/---

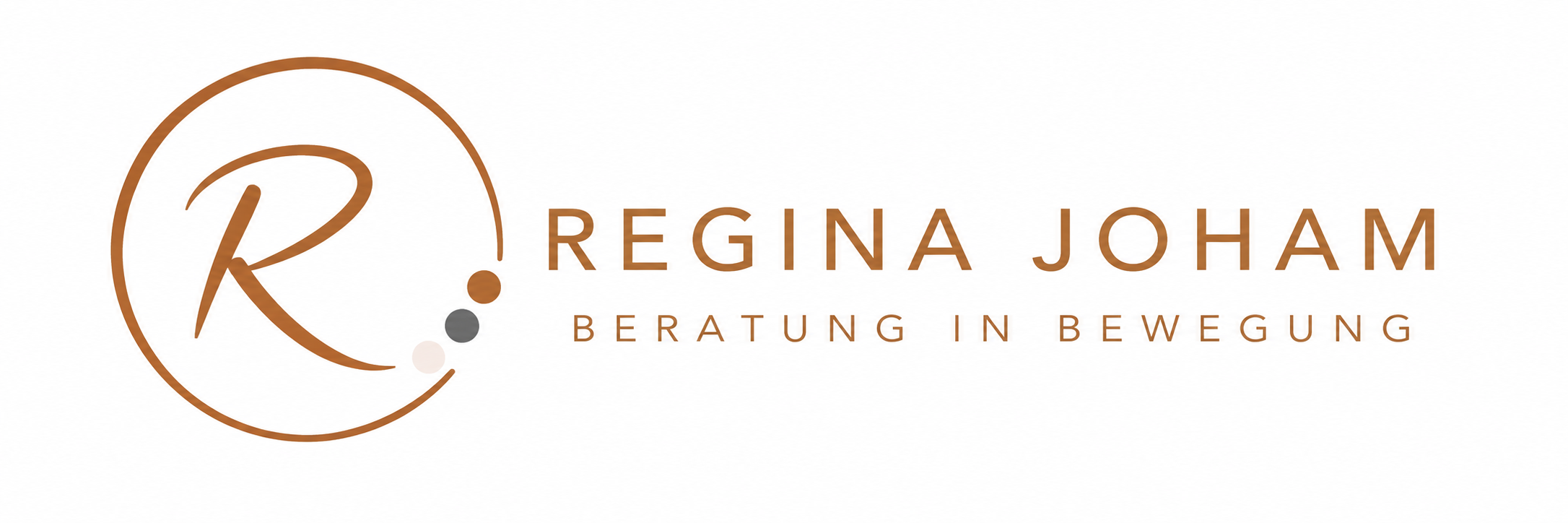 regina-joham.com
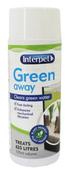 Interpet Green Away - 125ml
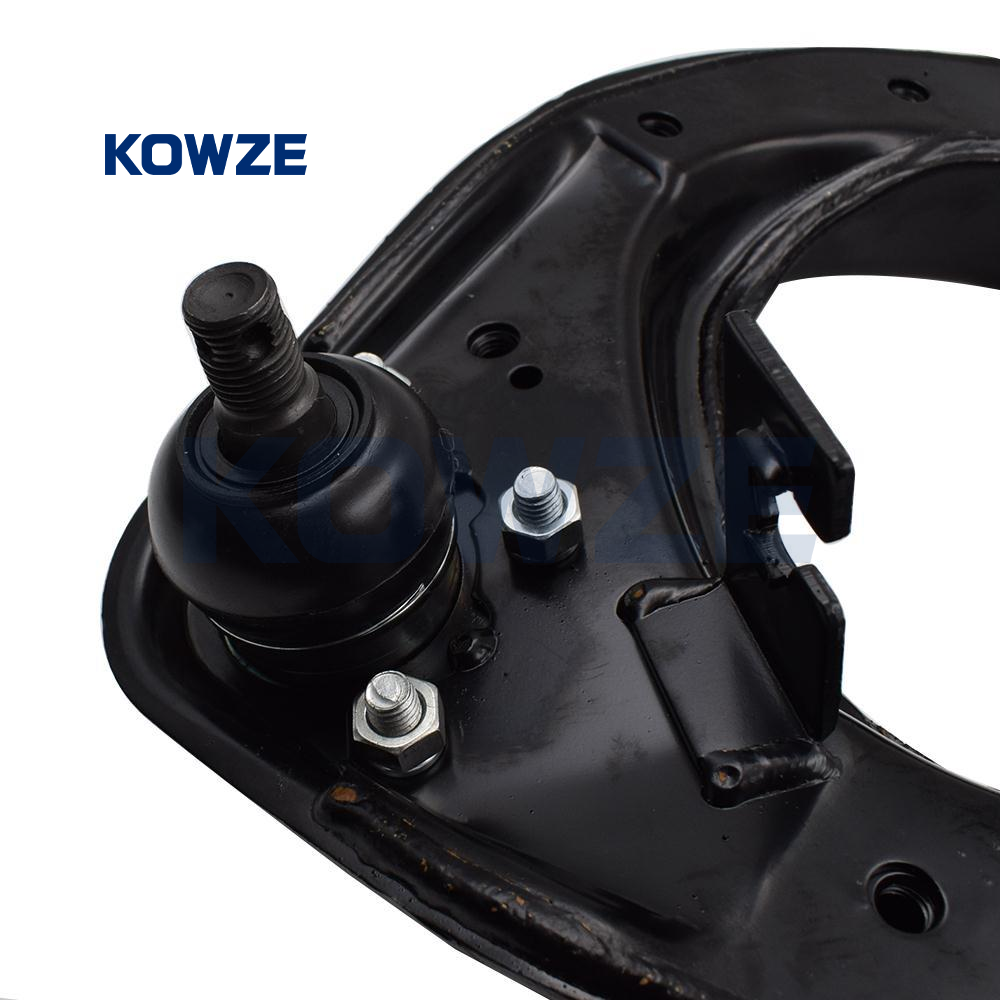 big_6340_1956954_4414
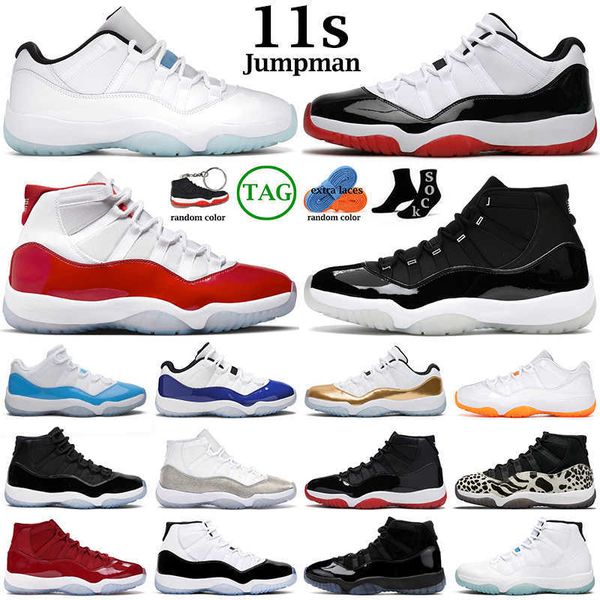 mens basketball shoes women 11s 11 cherry pure violet cool grey concord bred win like 96 platinum tint animal instinctmen space jam men
mens basketball shoes women 11s 11 cherry pure violet cool grey concord bred win like 96 platinum tint animal instinctmen space jam men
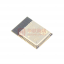 ESP32-WROOM-32-N4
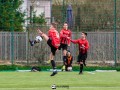 FC Nõmme United - JK Tabasalu (13.04.19)-0021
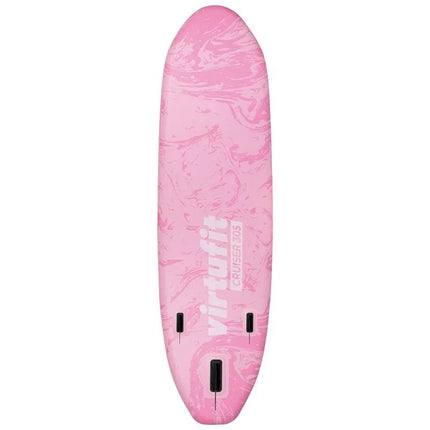 Virtufit Cruiser 305 VF06096 SUP lenta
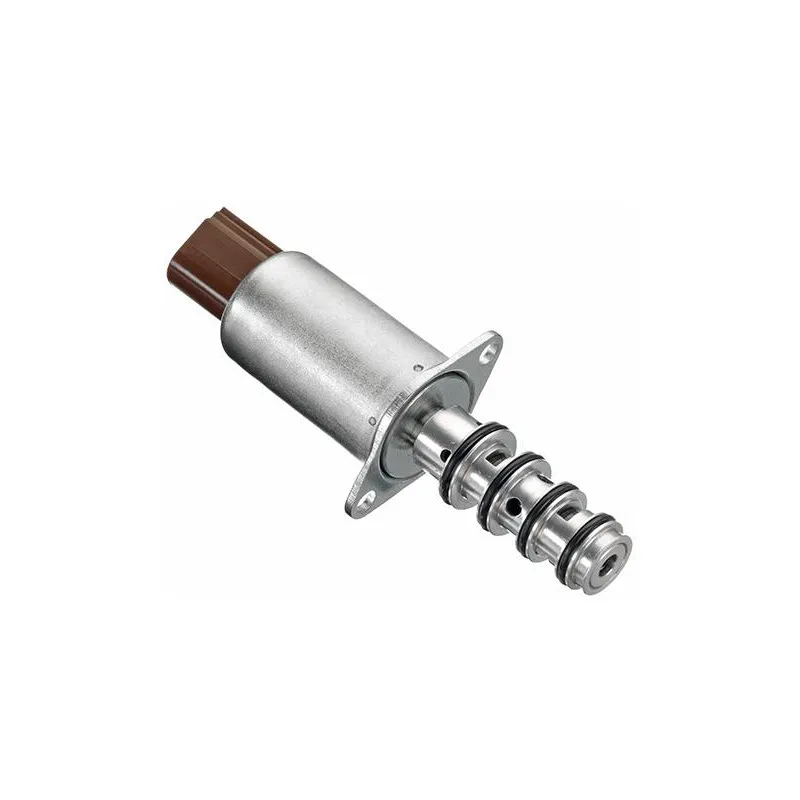 Valve de commande, réglage d'arbres à came Continental VDO 2800014007180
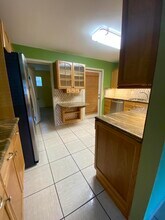 4367 Edward Rd in West Palm Beach, FL - Building Photo - Building Photo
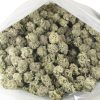 Buy Blue Dream (Popcorn) Online Green Society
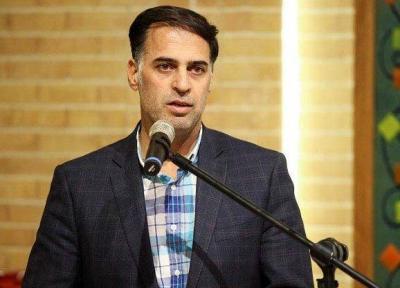 آذری: اعضای مجمع را برای پس دریافت امضایشان تحت فشار می گذارند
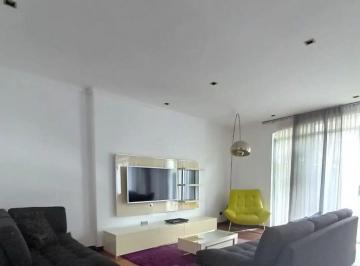 Casa de 3 habitaciones, Guayaquil · Casa en Alquiler - Plaza Real Samborondon
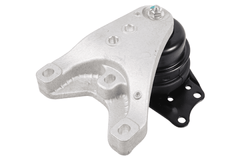 Lagerung Motor vorne für SEAT SKODA VW CORDOBA IBIZA III IV Kasten/Schrägheck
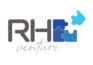 RH VENTURE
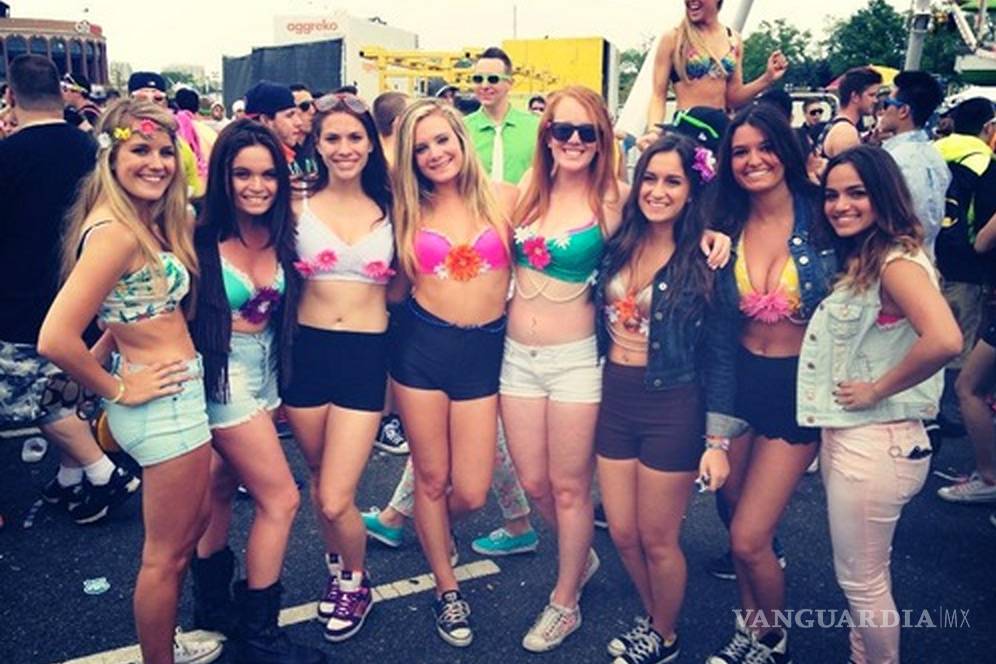 $!Estas ciudades tienen a las mujeres más hermosas del mundo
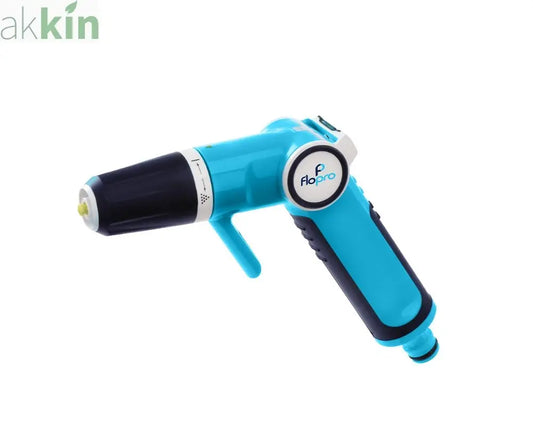 Flopro Activ Multi Spray Gun - AK Kin Garden Supplies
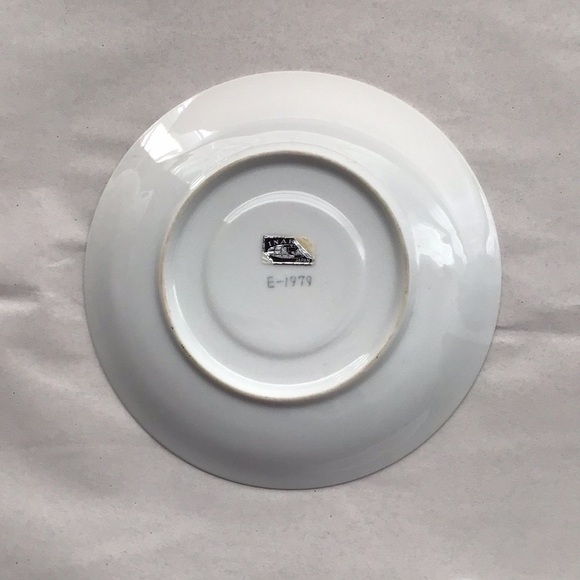 INARCO Japan Tea Set, Vintage - Picture 5 of 12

\---

__What you will do__: No pictures go in the copy. Output exactly the lines from the line containing "hermosas del mundo" through the end of the listing above.

__Response area__:
 $!Estas ciudades tienen a las mujeres más hermosas del mundo
 Flopro Activ Multi Spray Gun - AK Kin Garden Supplies
 INARCO Japan Tea Set, Vintage - Picture 5 of 12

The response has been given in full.